**Exercise prompt**
These records contain pictures, which must be left out; copy exactly the lines from the one with "A Chronicle of" up to and including the one with "#AMFAD: All My".
━━━ Data records ━━━
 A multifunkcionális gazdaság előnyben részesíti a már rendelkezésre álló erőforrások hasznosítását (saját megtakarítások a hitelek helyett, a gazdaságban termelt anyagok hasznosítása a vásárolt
━━━
━━━ Data records ━━━
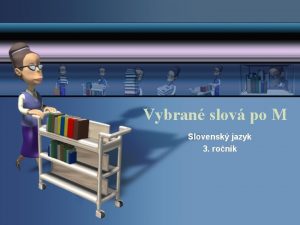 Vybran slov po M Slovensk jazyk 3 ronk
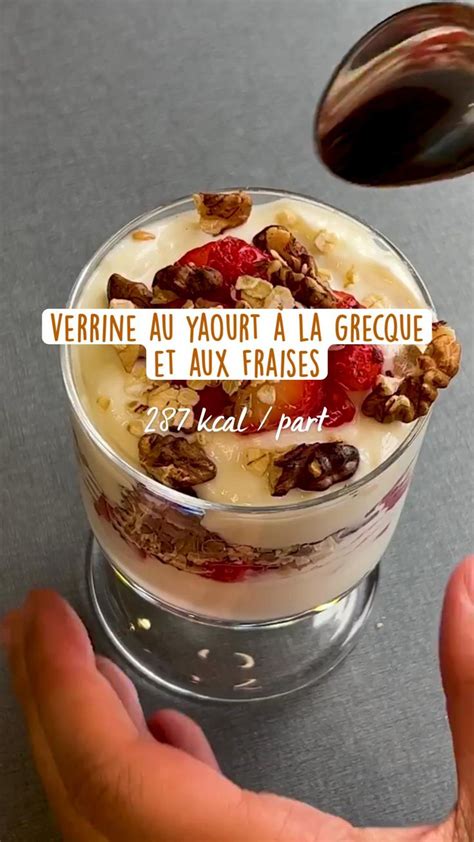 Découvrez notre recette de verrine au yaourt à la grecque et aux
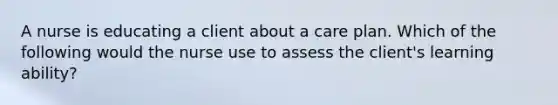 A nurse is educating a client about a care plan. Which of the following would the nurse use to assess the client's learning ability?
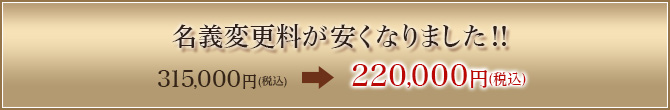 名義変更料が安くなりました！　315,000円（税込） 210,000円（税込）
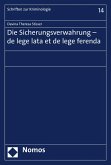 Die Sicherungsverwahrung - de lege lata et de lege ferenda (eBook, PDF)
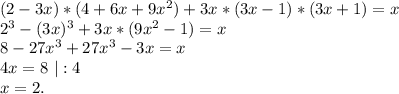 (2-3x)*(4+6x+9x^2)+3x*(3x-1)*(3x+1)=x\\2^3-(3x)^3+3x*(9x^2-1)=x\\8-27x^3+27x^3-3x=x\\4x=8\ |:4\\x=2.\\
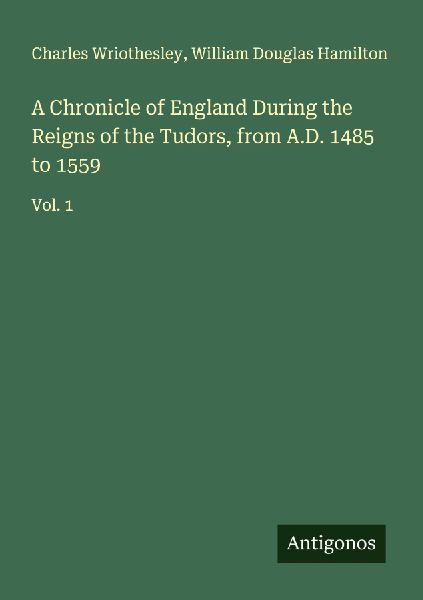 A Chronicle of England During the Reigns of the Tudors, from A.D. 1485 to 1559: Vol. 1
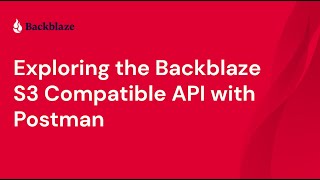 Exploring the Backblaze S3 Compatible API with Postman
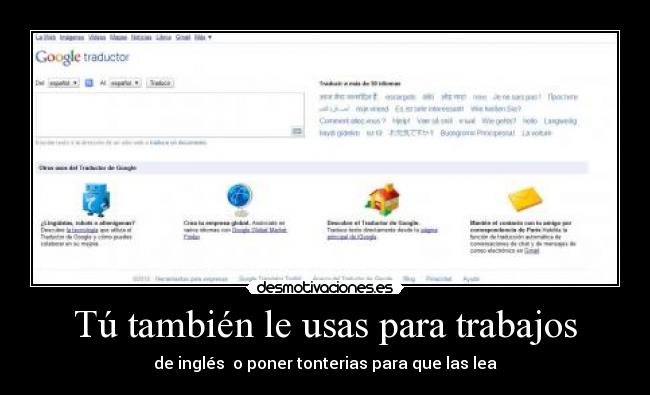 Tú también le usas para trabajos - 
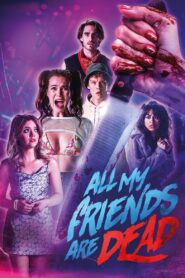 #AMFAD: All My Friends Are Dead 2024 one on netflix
━━━
━━━ Data records ━━━
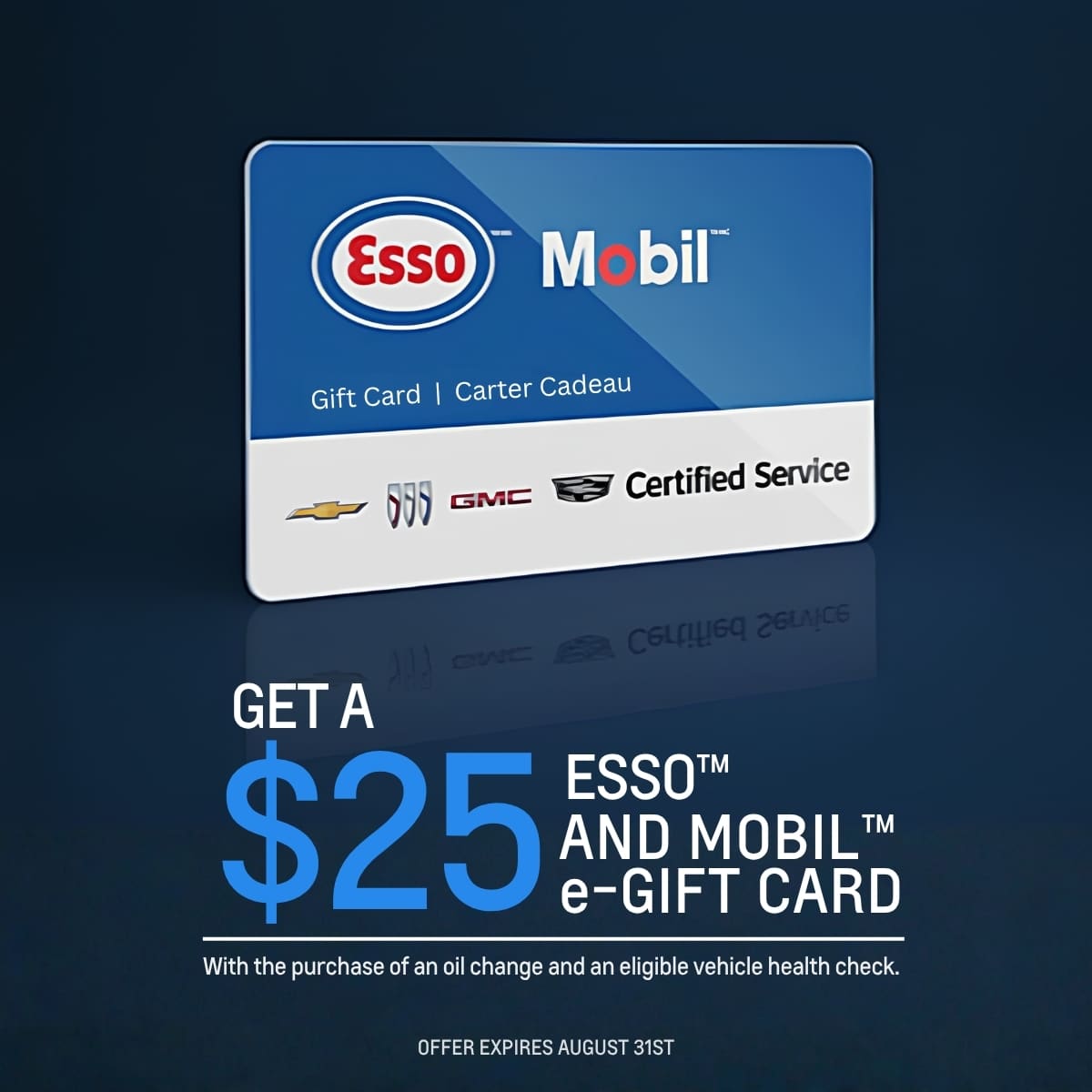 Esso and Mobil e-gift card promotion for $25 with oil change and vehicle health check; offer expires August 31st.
━━━
**Response to this task**
 A Chronicle of England During the Reigns of the Tudors, from A.D. 1485 to 1559: Vol. 1
 Exploring the Backblaze S3 Compatible API with Postman
 Tú también le usas para trabajos - 
 #AMFAD: All My Friends Are Dead 2024 one on netflix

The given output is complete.